I also tweaked a few of my ball valves and run times.

Full scale waterfalls cut back to run once a day for 15 minutes (down from an hour per day). Will turn them on when being used going forward.
bubbler fountain cut off. Will keep it off unless someone is using the tanning deck
Spa spillover - Never given thought to tweaking the return flow to stop the spillover. That is something that i should have done in the off season.

Really will miss the sound of the live water features, but understand it is balance of aesthetics with additional maintenance vs less maintenance.
 
Run everything full tilt until you have the TA down where you want it. It's sort of a ratcheting effect. pH is the ratchet wrench , TA is the nut. Acid turns the ratchet so pH and TA both move down. Then aeration lifts the ratchet. pH goes up. The nut -- the TA -- stays down. Repeat until pH holds or TA is to about 70, Then reduce the aeration.

You don't want to cut all the flow to the spa, lest it get stagnant. I've got mine throttled back so it's maybe ¼" deep coming out the spillway. On full flow, it's over 2" deep. It still makes plenty of noise.
 
Run everything full tilt until you have the TA down where you want it.

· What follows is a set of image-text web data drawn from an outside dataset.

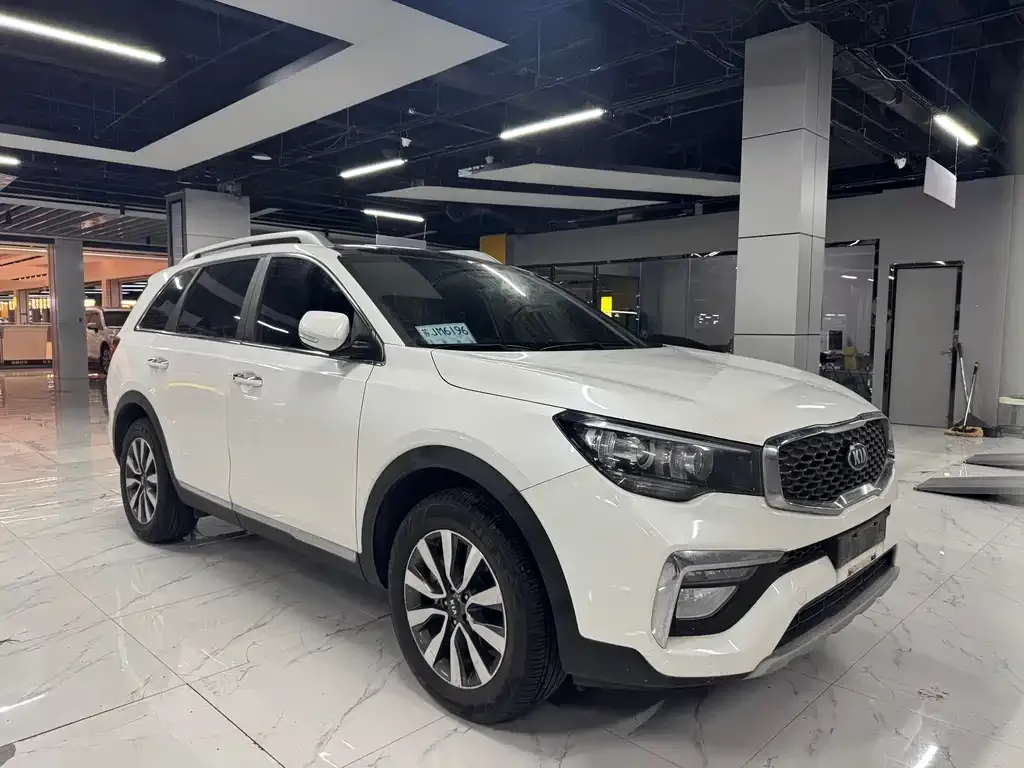 Kia KX7 — фото 10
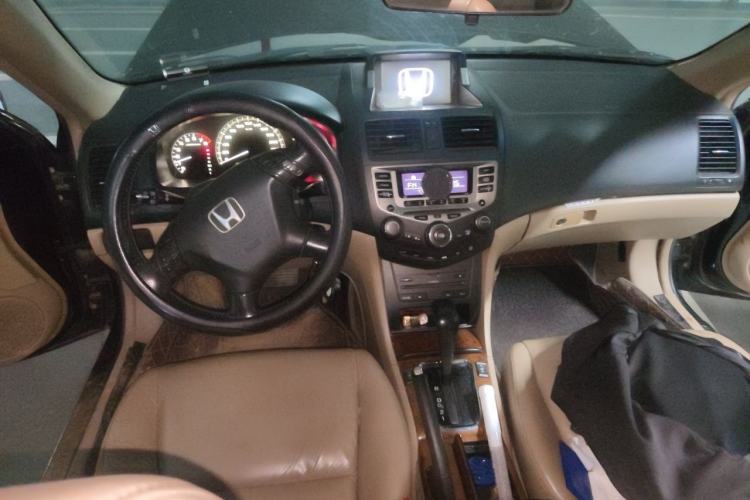 Used Honda Accord 2006 2.4L Luxury Edition Center Console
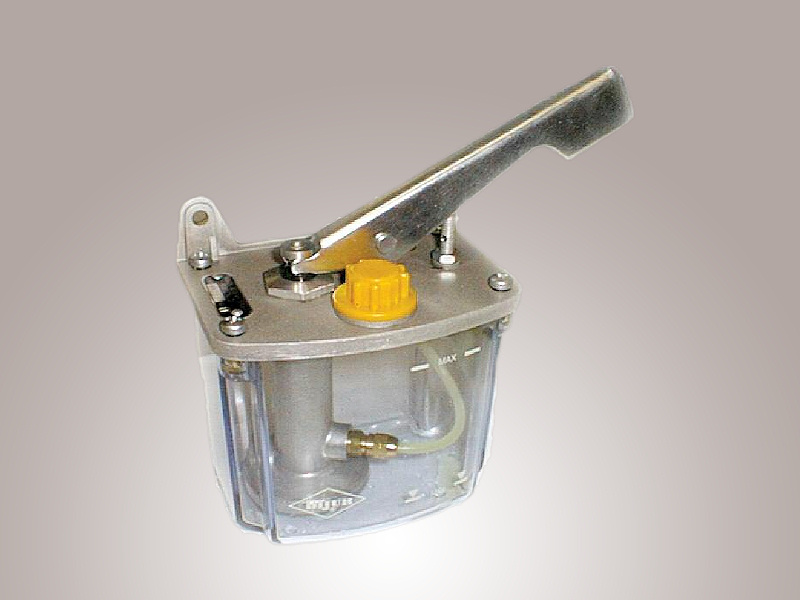 XL5P Manual Pump XL5P Manual Pump
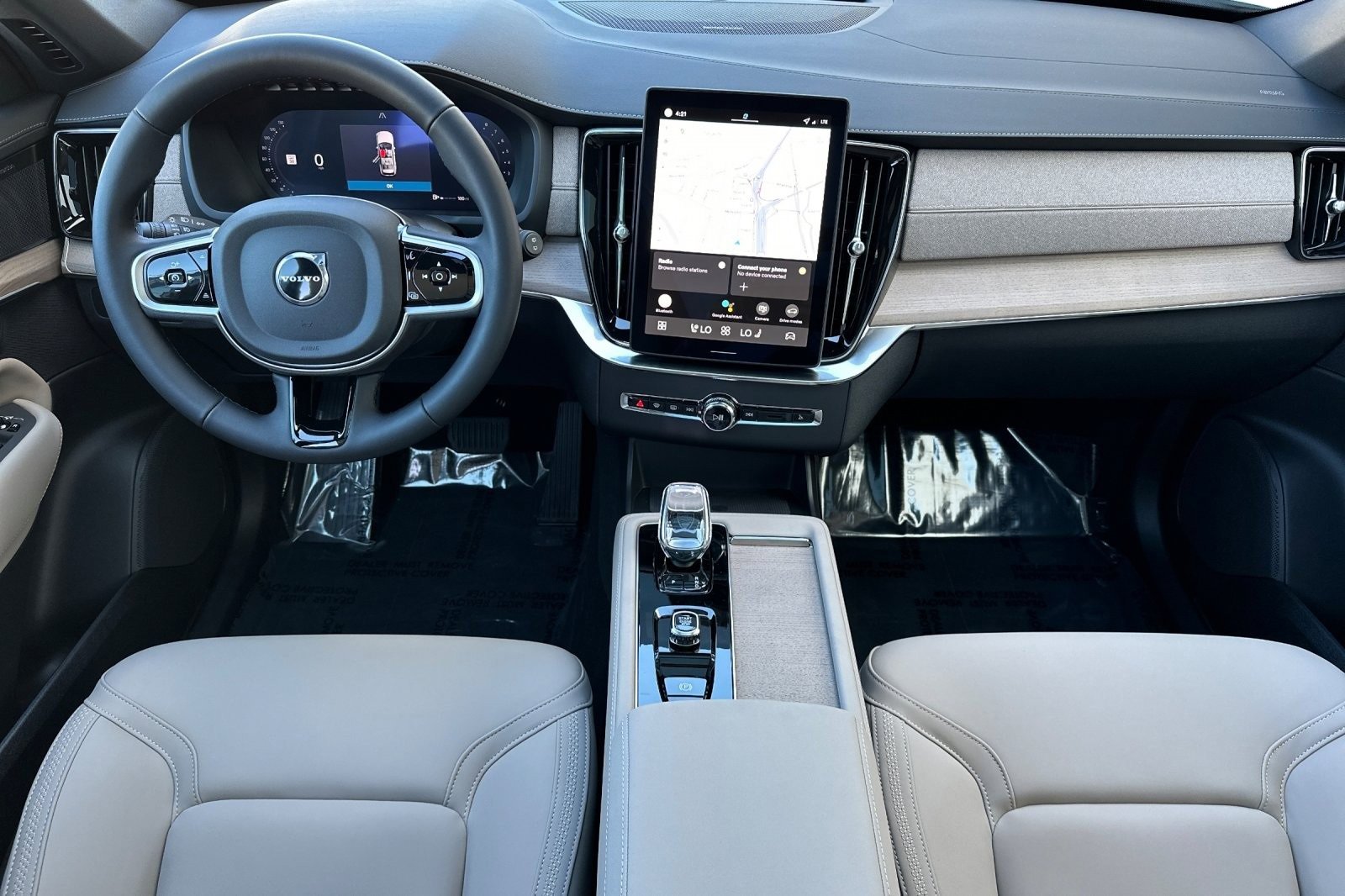 New 2026 Volvo XC90 B6 Plus w/ Protection Package Premier image 3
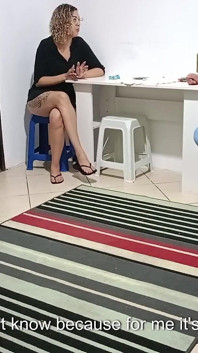 Un esposo con deudas se escapó de casa y dejó a su esposa sola con el tiburón del préstamo.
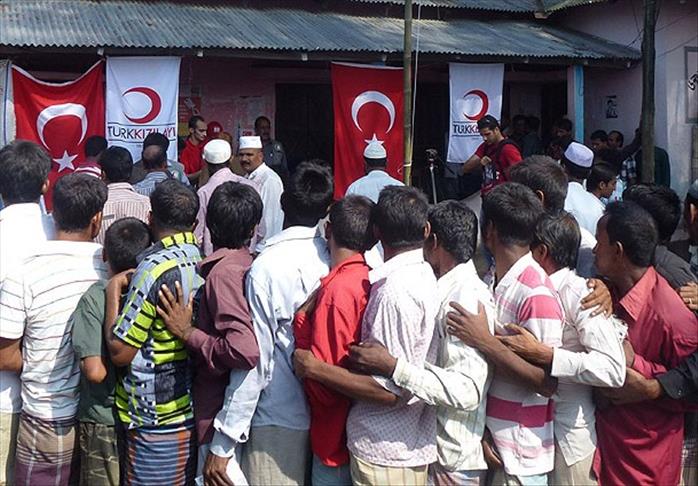 Red Crescent continues to help Arakan Muslims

It's sort of a ratcheting effect. pH is the ratchet wrench , TA is the nut. Acid turns the ratchet so pH and TA both move down. Then aeration lifts the ratchet. pH goes up. The nut -- the TA -- stays down. Repeat until pH holds or TA is to about 70, Then reduce the aeration.

You don't want to cut all the flow to the spa, lest it get stagnant. I've got mine throttled back so it's maybe ¼" deep coming out the spillway. On full flow, it's over 2" deep. It still makes plenty of noise.

That TA nut is hard and slow to turn! Check the PH in the AM, its usually high (8.0) and requires 8-24oz to push it down to 7.2 and it will creep right back up by the next day. TA has been slowly dropping at 80 now.
 
I had the same pH increase problem, but taking the TA down to 50 solved it. I found getting TA down was much faster if you added enough acid, via PoolMath, to take the pH down to 7.0.